Hello, everyone!

As my teammates and I get our hands dirty with Alteryx for the first time, I thought this would be the perfect time to start a blog series dedicated to short tips you can use on the fly. I have to say I am brand new to Alteryx – I’ve spent more time on it today than I have ever before – so I’m not promising anything out of this world, but hopefully, the newbies out there will find it useful too! That being said, let’s get started.

The Problem

 

Today, we’re going to be looking at two tools: Data Cleansing and Formula. The Data Cleansing tool is absolutely amazing: you can throw pretty much any ugly dataset at it, full of blank spaces and random punctuation, and it will immediately remove them for you and pop out a beautiful set of clean numbers.

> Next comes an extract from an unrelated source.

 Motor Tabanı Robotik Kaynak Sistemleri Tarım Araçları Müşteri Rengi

After using it a couple of times today, however, I ran into two simple problems:

  • Data Cleansing is a very heavy tool that demands quite a bit of processing power, making it quite slow. I found that even simple workflows working with small datasets were grinding to a halt (a minute feels very long when you’re staring in silence at the computer screen).
  • Secondly, and almost more importantly, Data Cleansing is not a very fine tool. In the example we will be looking at today, you will see how using the Cleansing tool can sometimes remove punctuation that you might have wanted to keep – periods in decimal number for example – making your data useless by the end of the process.

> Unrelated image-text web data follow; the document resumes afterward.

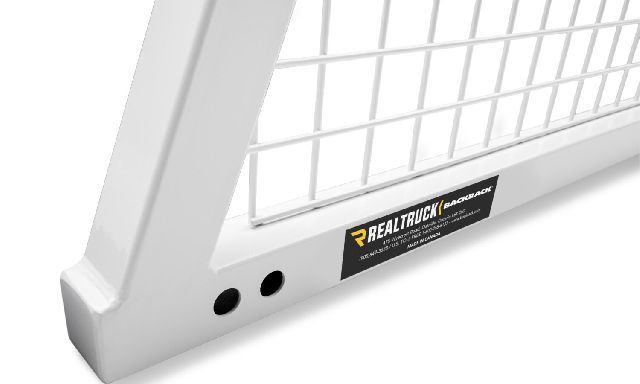 2016 Ram 1500 Truck Cab Protector / Headache Rack Backrack - view 2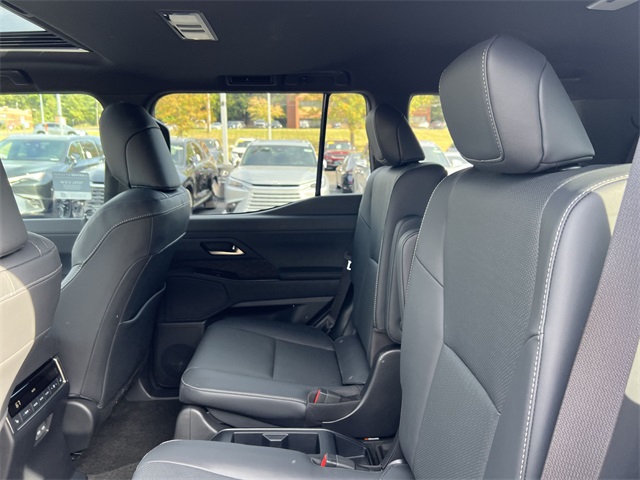 used 2025 Lexus GX car, priced at $88,940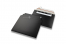 Czarne koperty kartonowe - 180 x 234 mm | PIT Packaging.pl | Krainakopert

Fear not, however, as you can easily get around these issues with a very simple tool: Formula.

The example we will be looking at in this case study is pretty straightforward. We will start off with a .csv file where all the data is stored in one column called Field_1, and progressively try and break it down into columns and rows in order to create a simple dataset that contains information on countries and their key development indicators. We will be focusing on the initial clean up part, which will play a key role in ensuring we obtain the correct dataset in the end.

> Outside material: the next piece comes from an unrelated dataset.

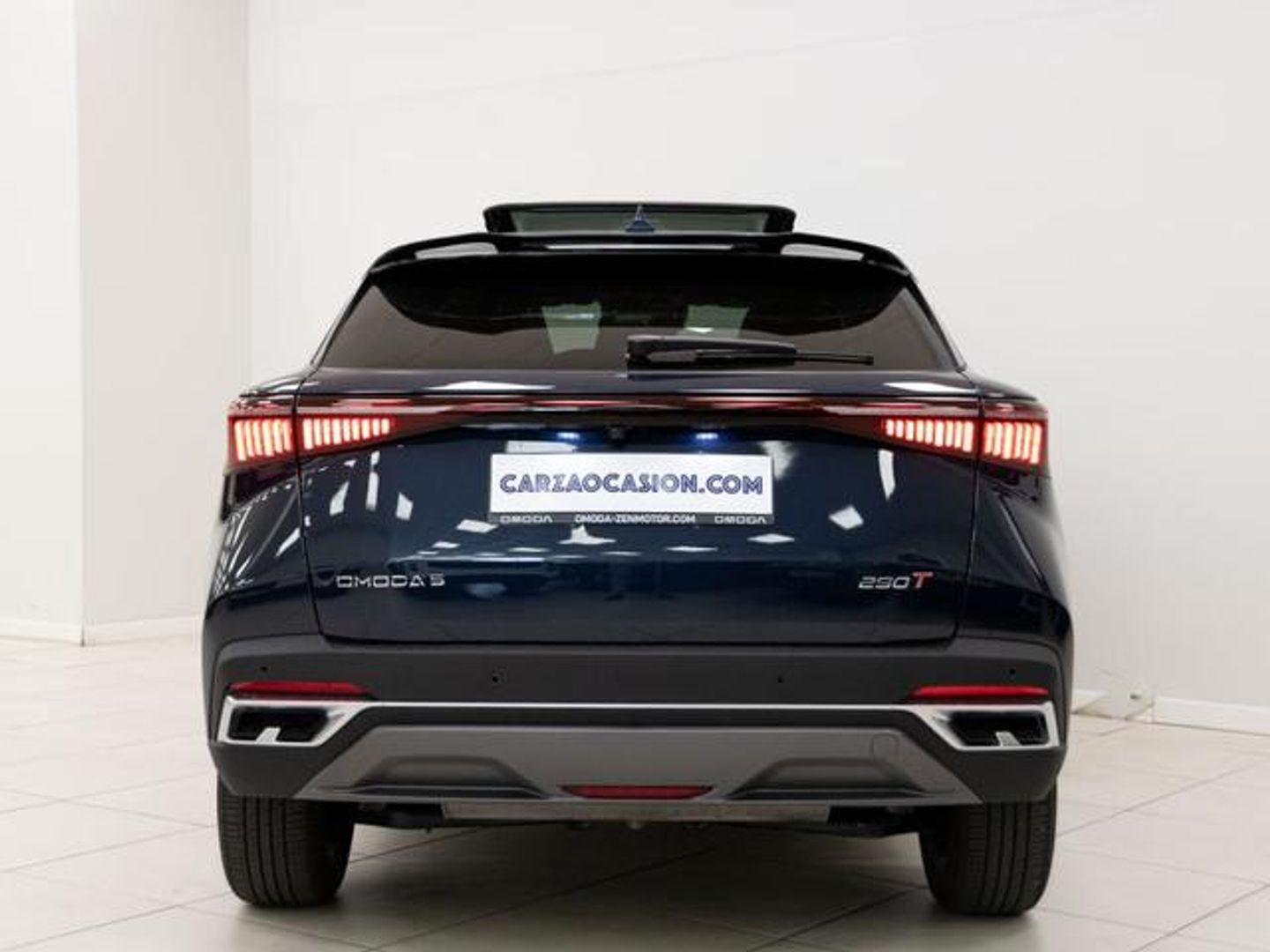 Omoda 5 1.6 T-GDI Premium DCT 136 kW (185 CV)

Start by taking a look at the original data.

As you can see, all the data is currently stored in one column, Field_1. On the screenshot you can see the different variables we will be trying to extract: Country Name, Country Code, Indicator Name, Indicator Value. The main issue we will be dealing with is cleaning the data without removing all of the punctuation so that the decimal numbers inside the future Indicator Value column are not transformed into integers. If we were to run this workflow and use the Data Cleanser to remove the punctuation, our final output  – after separating the data into a series of rows and columns – would look like this.

Even though this dataset looks all clean, you will notice that all the punctuation in the Value column has been removed, even though many of these numbers should be decimals.

The Solution

An easy and quick fix for this issue, that will also speed up your workflow by a factor of 5-10, is the Formula tool. You can use it to remove all the unnecessary punctuation from your Field_1 column, but keep the punctuation you do need! All you’re going to want to do is replace the Data Cleanser tool with the Formula tool in your workflow and input the following command:

  • ReplaceChar ([Column Name], ‘ ” ‘, ‘ ‘)
  • This is simply going to tell Alteryx to remove all the quotation marks from the column you have specified. In my example, the column name is Field_1. Check the screenshot below to see how it looks!

If I run my workflow now with the Formula tool instead of the Data Cleanser, the final data output I obtain looks like this.

As you can see, the numbers in the Value column are not integers anymore, but decimals! I can finally export this dataset and see what I can learn from it using Tableau.

 

Thank you for tuning in, you can expect more great Alteryx tips coming soon!